A case in point is the LAG-3 molecule, notes Chen. Like PD-1, the LAG-3 protein is found on the surface of the immune system’s T cells, and tumors can use it to shield themselves from the T cell attack. Most scientists have believed that a surface protein called MHC class II (MHC-II) is the major “ligand” molecule that cancer cells can use to connect with the LAG-3 molecule in order to dial down T cell activity, and that targeting MHC-II will help to unblock the T cells.

However, the YCC team has shown that the leading role in LAG-3 immunosuppression instead is filled by a protein known as FGL1.

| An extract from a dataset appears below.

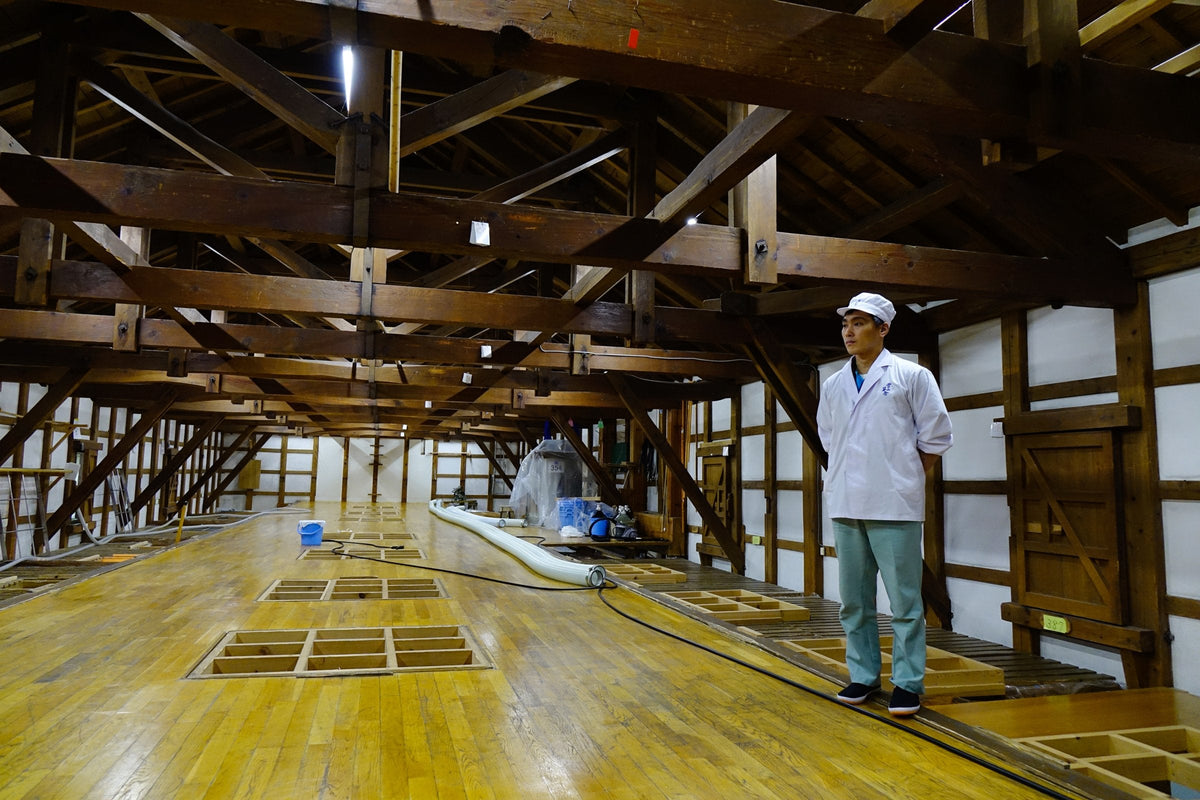 A brewer in a white work coat and cap stands in the timber-beamed hall of a sake brewery in Akita, Japan, beside rows of square hatches set into the wooden floor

Although pharmaceutical companies have already brought LAG-3 inhibitors that block MHC-II into several clinical trials, such drugs are not likely to perform well, Chen said. “The overall LAG-3 pathway is a lot more complicated than believed,” he added. “FGL1 is the major ligand for immunosuppression, and designing LAG-3 drugs to block the MHC-II ligand only could be problematic.” Chen’s lab discovered PD-L1 in 1999 and first developed anti-PD-L1/PD-1 antibodies for cancer immunotherapy.

Looking through the scientific literature, Chen and his colleagues found surprisingly little evidence that MHC-II is the major ligand to enable LAG-3 immunosuppression. To determine what mechanism is at work, the Yale team first looked to see if LAG-3 connects to other ligands, using a “Receptor Array” system developed in the Chen lab that can individually generate nearly all human cell membrane proteins, and then analyze how these proteins interact with other molecules. This experiment clearly showed for the first time that LAG-3 binds to the FGL1 protein.

Following up with studies in mouse models, the investigators demonstrated that removing FGL1 either by genetic engineering or with antibody drugs produced an increase in T cells. Additionally, the mice often slowly developed mild forms of autoimmune disease. Both findings suggested that the protein can indeed dampen T cell activity, say the researchers. Moreover, in mouse models of cancer, blocking the FGL1/LAG-3 interaction boosted T cell activity and slowed tumor growth.

Next, Chen’s team found that FGL1 is produced at strikingly high levels in various human cancers, including lung cancer and melanoma. The researchers also found that higher levels of FGL1 in the blood of these cancer patients are linked to poor prognosis and resistance to anti-PD-1/PD-L1 therapy.